Sonnet 71

    No longer mourn for me when I am dead

    mortality
    grief
    selflessness
    memory
    No longer mourn for me when I am dead
     
    Then you shall hear the surly sullen bell
     
    Give warning to the world that I am fled
     
    From this vile world, with vilest worms to dwell:
     
    Nay, if you read this line, remember not
     
    The hand that writ it; for I love you so
     
    That I in your sweet thoughts would be forgot
     
    If thinking on me then should make you woe.
     
    O, if, I say, you look upon this verse
     
    When I perhaps compounded am with clay,
     
    Do not so much as my poor name rehearse.
     
    But let your love even with my life decay,
     
    Lest the wise world should look into your moan
     
    And mock you with me after I am gone.

    What It Means

    Shakespeare tells the young man not to grieve when he dies.

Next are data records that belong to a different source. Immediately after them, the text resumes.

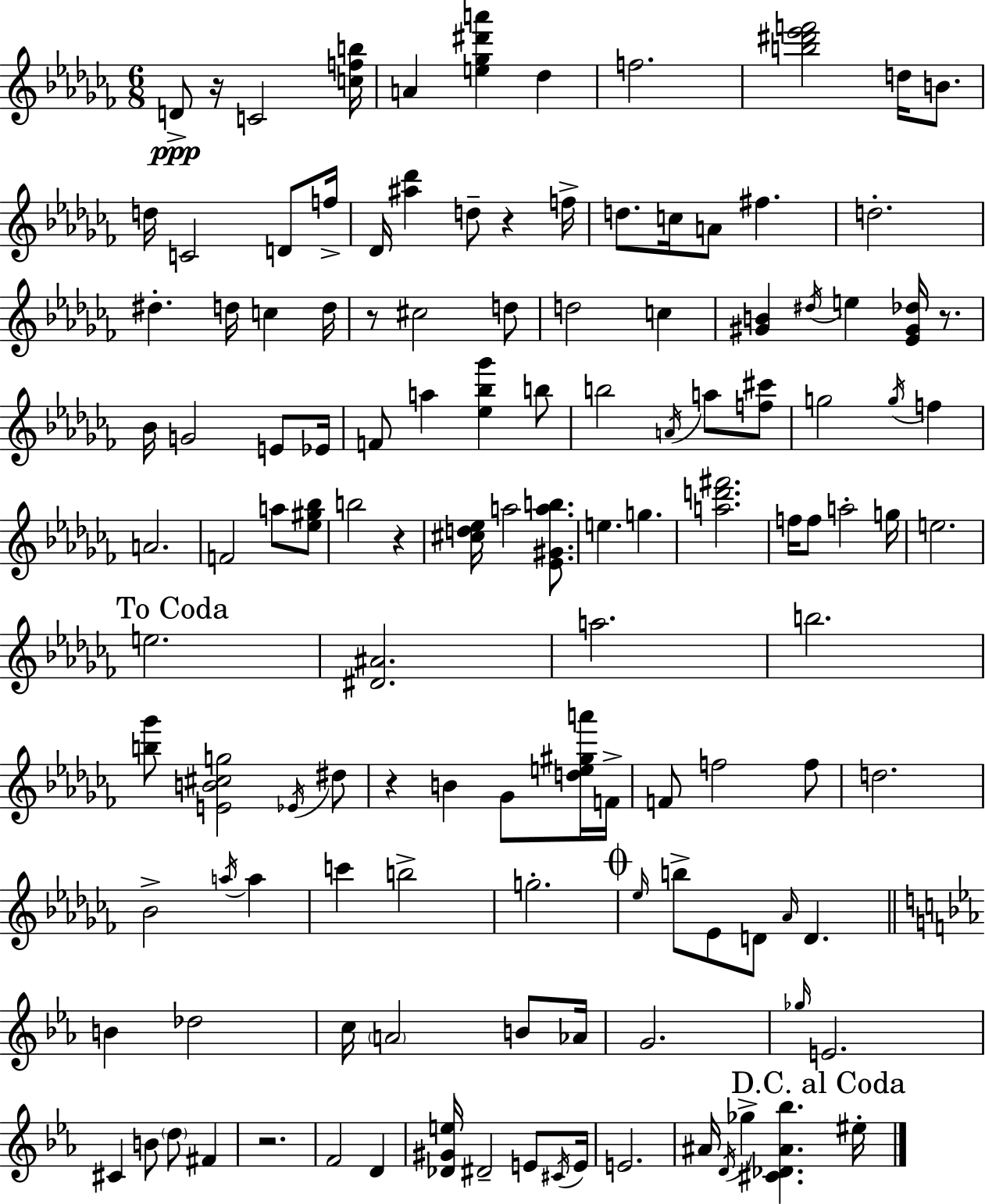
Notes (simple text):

D4/e R/s C4/h [C5,F5,B5]/s A4/q [E5,Gb5,D#6,A6]/q Db5/q F5/h. [B5,D#6,Eb6,F6]/h D5/s B4/e. D5/s C4/h D4/e F5/s Db4/s [A#5,Db6]/q D5/e R/q F5/s D5/e. C5/s A4/e F#5/q. D5/h. D#5/q. D5/s C5/q D5/s R/e C#5/h D5/e D5/h C5/q [G#4,B4]/q D#5/s E5/q [Eb4,G#4,Db5]/s R/e. Bb4/s G4/h E4/e Eb4/s F4/e A5/q [Eb5,Bb5,Gb6]/q B5/e B5/h A4/s A5/e [F5,C#6]/e G5/h G5/s F5/q A4/h. F4/h A5/e [Eb5,G#5,Bb5]/e B5/h R/q [C#5,D5,Eb5]/s A5/h [Eb4,G#4,A5,B5]/e. E5/q. G5/q. [A5,D6,F#6]/h. F5/s F5/e A5/h G5/s E5/h. E5/h. [D#4,A#4]/h. A5/h. B5/h. [B5,Gb6]/e [E4,B4,C#5,G5]/h Eb4/s D#5/e R/q B4/q Gb4/e [D5,E5,G#5,A6]/s F4/s F4/e F5/h F5/e D5/h. Bb4/h A5/s A5/q C6/q B5/h G5/h. Eb5/s B5/e Eb4/e D4/e Ab4/s D4/q. B4/q Db5/h C5/s A4/h B4/e Ab4/s G4/h. Gb5/s E4/h. C#4/q B4/e D5/e F#4/q R/h. F4/h D4/q [Db4,G#4,E5]/s D#4/h E4/e C#4/s E4/s E4/h. A#4/s D4/s Gb5/q [C#4,Db4,A#4,Bb5]/q. EIS5/s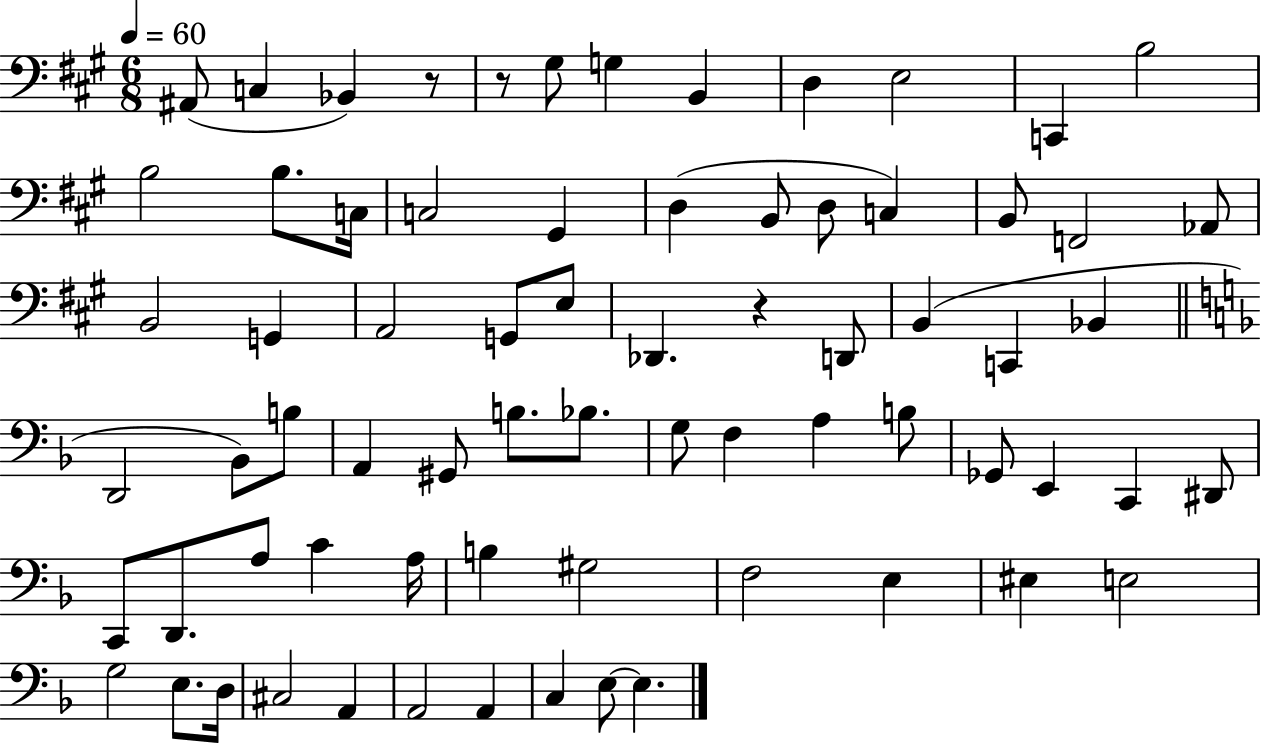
A#2/e C3/q Bb2/q R/e R/e G#3/e G3/q B2/q D3/q E3/h C2/q B3/h B3/h B3/e. C3/s C3/h G#2/q D3/q B2/e D3/e C3/q B2/e F2/h Ab2/e B2/h G2/q A2/h G2/e E3/e Db2/q. R/q D2/e B2/q C2/q Bb2/q D2/h Bb2/e B3/e A2/q G#2/e B3/e. Bb3/e. G3/e F3/q A3/q B3/e Gb2/e E2/q C2/q D#2/e C2/e D2/e. A3/e C4/q A3/s B3/q G#3/h F3/h E3/q EIS3/q E3/h G3/h E3/e. D3/s C#3/h A2/q A2/h A2/q C3/q E3/e E3/q.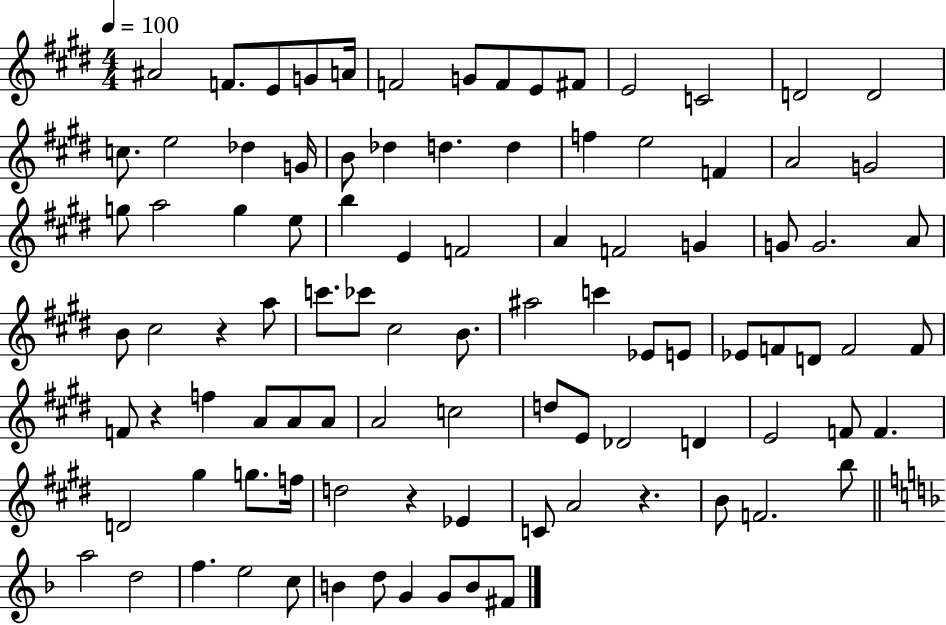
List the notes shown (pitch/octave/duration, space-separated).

A#4/h F4/e. E4/e G4/e A4/s F4/h G4/e F4/e E4/e F#4/e E4/h C4/h D4/h D4/h C5/e. E5/h Db5/q G4/s B4/e Db5/q D5/q. D5/q F5/q E5/h F4/q A4/h G4/h G5/e A5/h G5/q E5/e B5/q E4/q F4/h A4/q F4/h G4/q G4/e G4/h. A4/e B4/e C#5/h R/q A5/e C6/e. CES6/e C#5/h B4/e. A#5/h C6/q Eb4/e E4/e Eb4/e F4/e D4/e F4/h F4/e F4/e R/q F5/q A4/e A4/e A4/e A4/h C5/h D5/e E4/e Db4/h D4/q E4/h F4/e F4/q. D4/h G#5/q G5/e. F5/s D5/h R/q Eb4/q C4/e A4/h R/q. B4/e F4/h. B5/e A5/h D5/h F5/q. E5/h C5/e B4/q D5/e G4/q G4/e B4/e F#4/e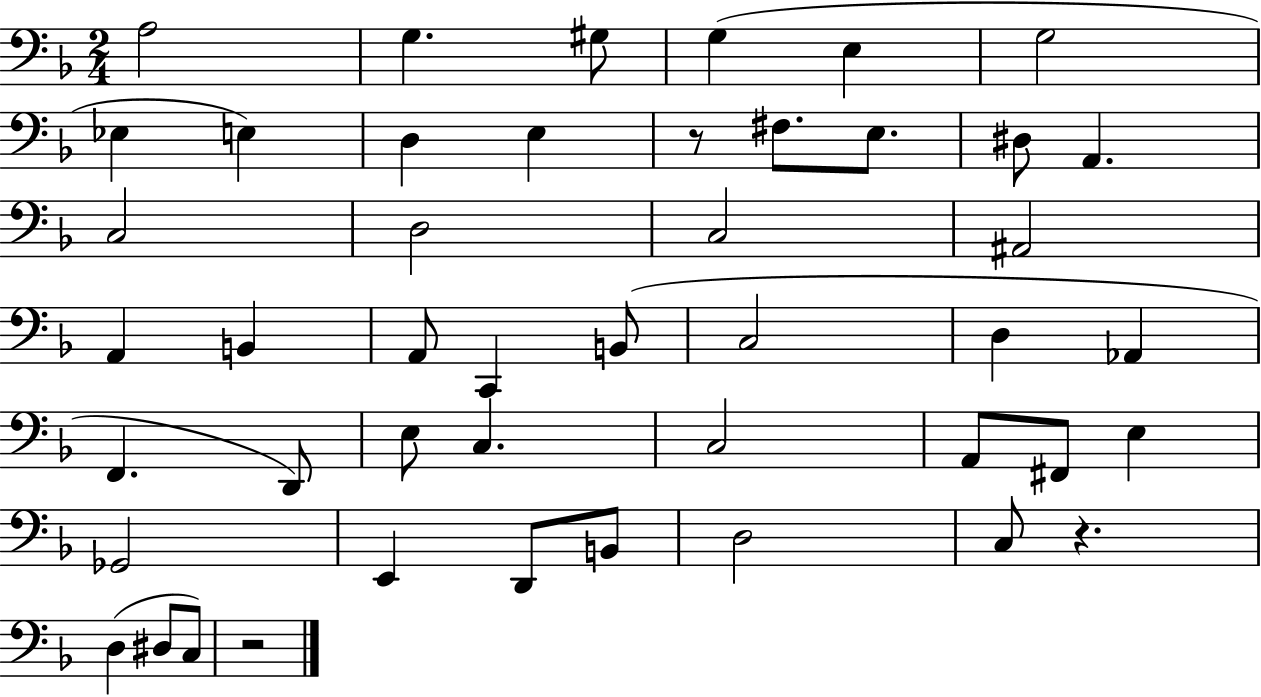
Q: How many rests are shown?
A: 3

In fact, forget him quickly. Don't let the world see you mourn a dead person — it would look bad. Move on. This is partly genuine unselfishness and partly a way of saying: I know your affection for me carries a social cost, and I release you from it. The self-erasure is complete: don't even mention his name if it would hurt the young man.

    Context

    Part of the Fair Youth sequence. Sonnets 71–74 form a group meditating on Shakespeare's own death and what should be remembered of him.